**Provided material**.
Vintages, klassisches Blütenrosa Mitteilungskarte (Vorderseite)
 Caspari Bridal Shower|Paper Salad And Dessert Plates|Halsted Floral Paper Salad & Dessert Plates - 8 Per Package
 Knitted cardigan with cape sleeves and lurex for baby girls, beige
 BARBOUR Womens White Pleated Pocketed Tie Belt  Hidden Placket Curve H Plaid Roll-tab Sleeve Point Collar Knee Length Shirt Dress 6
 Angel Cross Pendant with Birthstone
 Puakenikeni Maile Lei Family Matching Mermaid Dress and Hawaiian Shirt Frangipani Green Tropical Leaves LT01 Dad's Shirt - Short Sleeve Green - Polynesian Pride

**What you should do**. Give only the number of lines above holding "Dress".

**Result of the exercise**. 2